Anton Rathgeb konnte sich übrigens erfolgreich gegen seine Wahl zum Gerichtsverwandten wehren, nachdem er den Fürstpropst mit einem flehentlichen Brief um Beistand gebeten hatte. Dadurch war der Landesherr erst auf den Brauch des Stadtgerichts aufmerksam geworden und war über die sündhafte Völlerei nicht erfreut. Noch im selben Jahr wurde die Gerichtsmahlzeit abgeschafft und verboten.
[Bestand EL, A IX 9/2]
Januar 2020 – Reichstaler, 1623
Der „Münzschatz von Ellwangen“, der als einer der bedeutendsten seiner Art im süddeutschen Raum gilt, wurde 2017 von Sondengängern entdeckt. Er ist noch bis zum 19. Januar im Rahmen einer Sonderausstellung im Alamannenmuseum zu besichtigen. Ein anderer nicht alltäglicher Fund wurde im Herbst des vergangenen Jahres von einer Ellwanger Bürgerin beim Ausführen ihrer Hunde gemacht: Von einem Acker in der Nähe des Rabenhofs apportierte einer der Vierbeiner nicht etwa das Stöckchen, sondern brachte stattdessen ein Stück Metall mit. Das stellte sich als Reichstaler aus der Zeit des Dreißigjährigen Krieges heraus.
Die Hundebesitzerin verhielt sich vorbildlich und meldete den Fund über die Stadtverwaltung dem Landesdenkmalamt. Da solche Stücke nicht übermäßig selten sind und die recht zerschrammte Münze weder von materiell noch wissenschaftlich überragendem Wert war, durfte die Finderin den Taler behalten und überließ ihn gegen eine angemessene Entschädigung dem Stadtarchiv.

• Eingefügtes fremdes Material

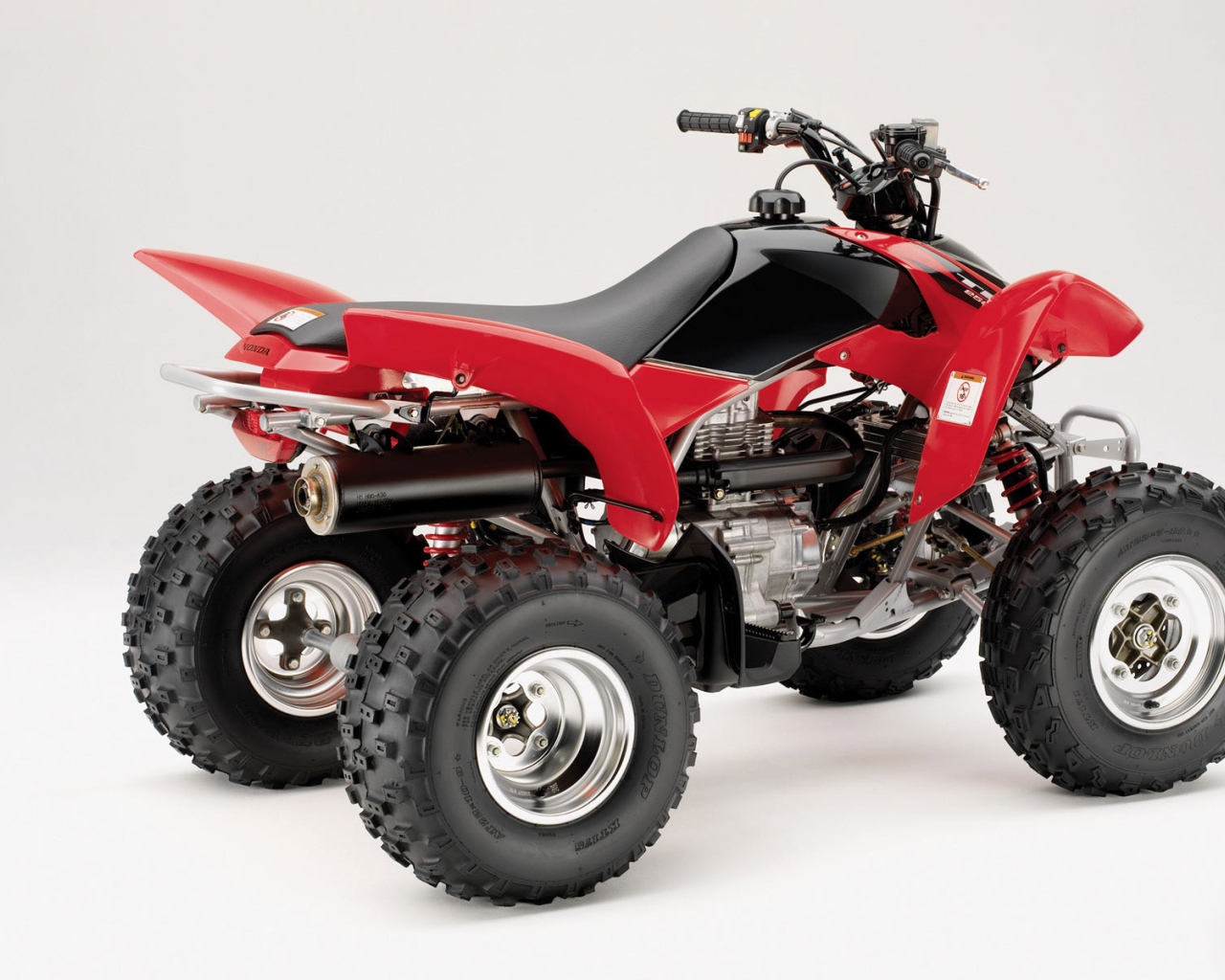 Красный спортивный Honda квадроцикл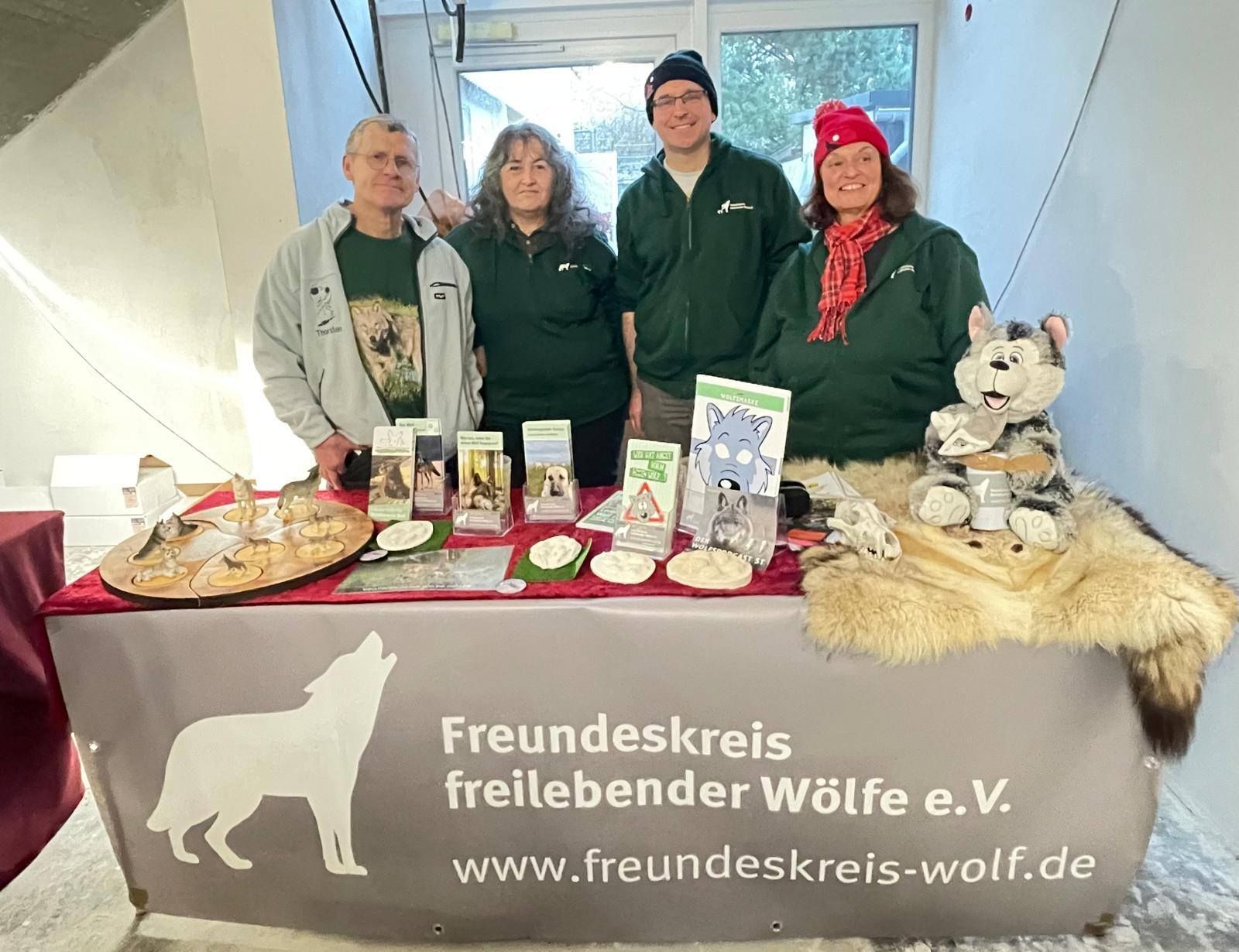 Bild Infostand im Tierheim Elmshorn Bild Infostand im Tierheim Elmshorn
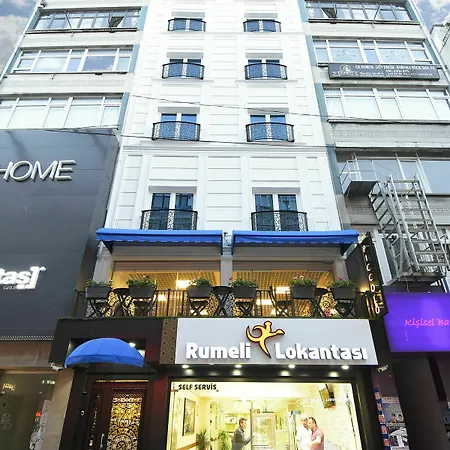 Adamel Hotel 3*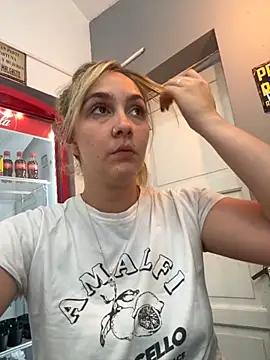 Snapshot of ayebran chatting on 11.27.25 ayebran online show from 11.27.25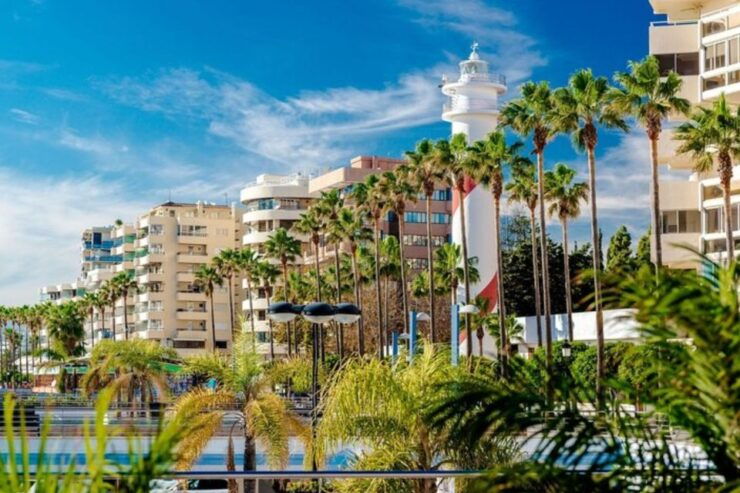 Marbella: Private Customizable Walking Tour With Guide - Experience Highlights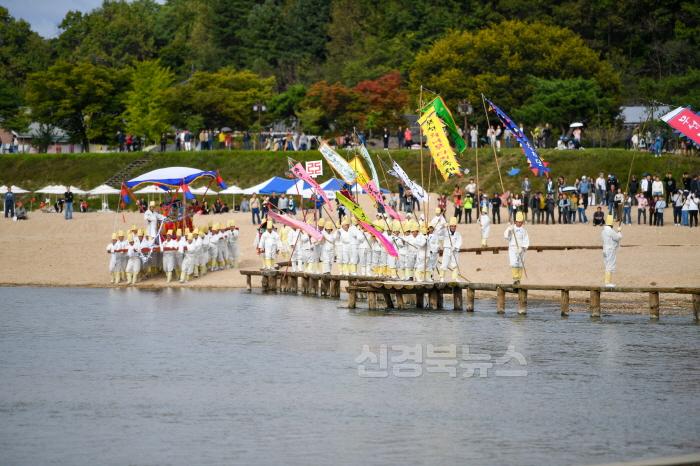 [크기변환]영주-1(지난해 사진)영주 무섬외나무다리축제 전통상여행렬.jpg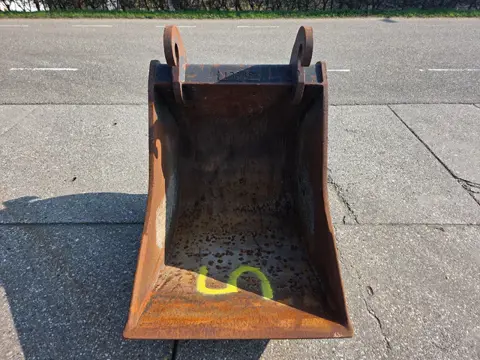 Eurosteel 2x dieplepel CW30/40, 0.94m en 0.74m breed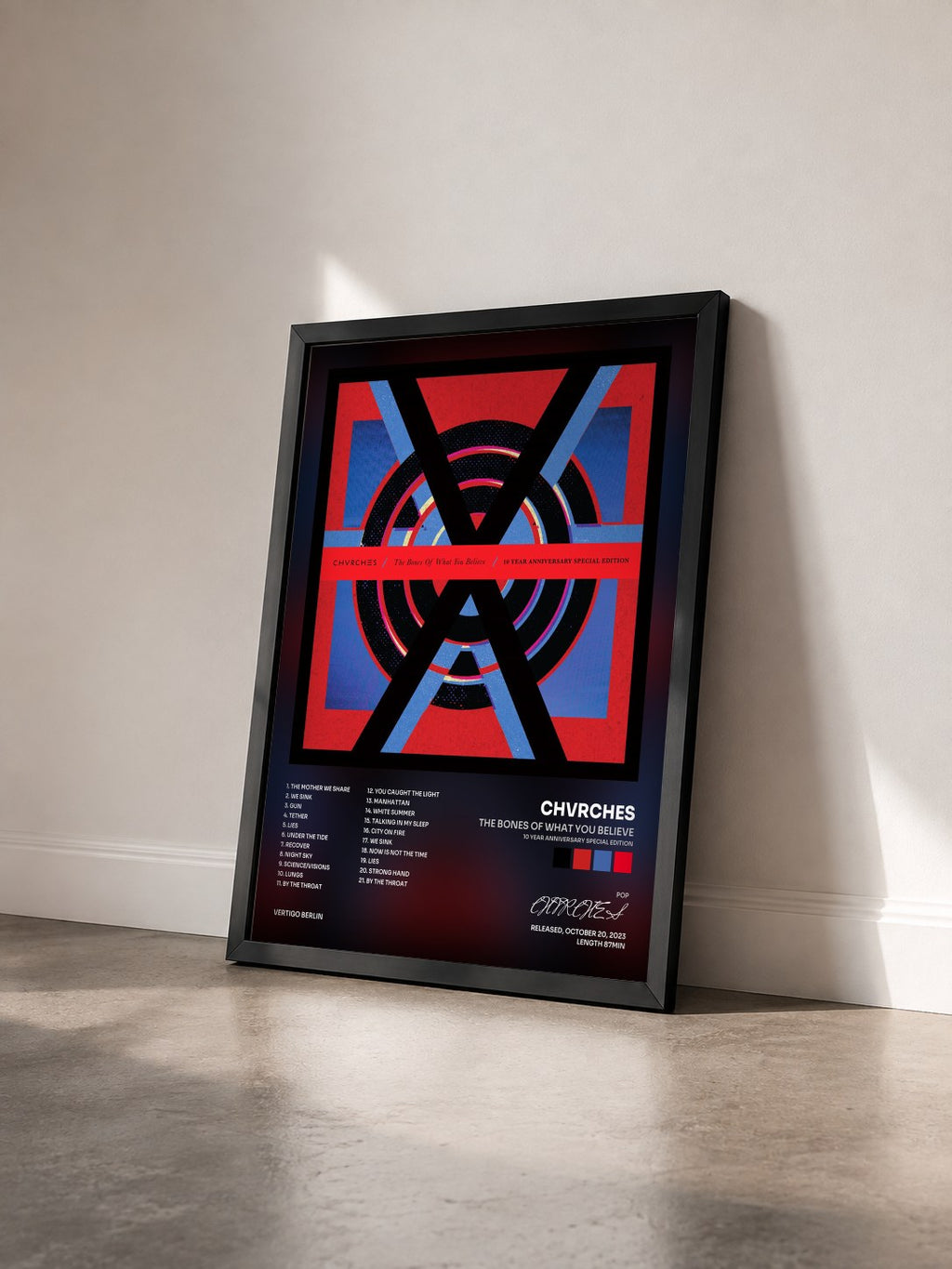 #noir Tableau de l'album The Bones Of What You Believe (10 Year Anniversary Special Edition) de CHVRCHES vu de trois quarts, cadre noir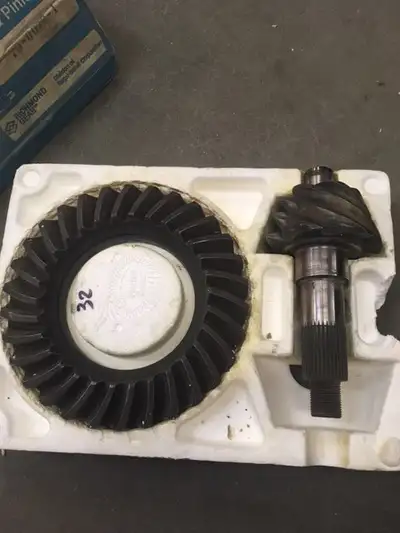 Richmond Gear 4.29:1 Pro Gears Set 79-0079-1 Ford 9 inch Used Will need aftermarket pinion support....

Dieser Silbertaler, der keine Wertangabe trägt, stammt aus dem Jahr 1623. Die Vorderseite (Avers) zeigt das Konterfei des Römisch-Deutschen Kaisers Ferdinand II., während auf der Rückseite (Revers) das Habsburgerwappen abgebildet ist. Die Randschrift auf beiden Seiten gibt – in lateinischer Sprache und stark abgekürzt – die wichtigsten Titel des Kaisers wieder. Talerstücke wie dieses waren im gesamten Heiligen Römischen Reich gültig.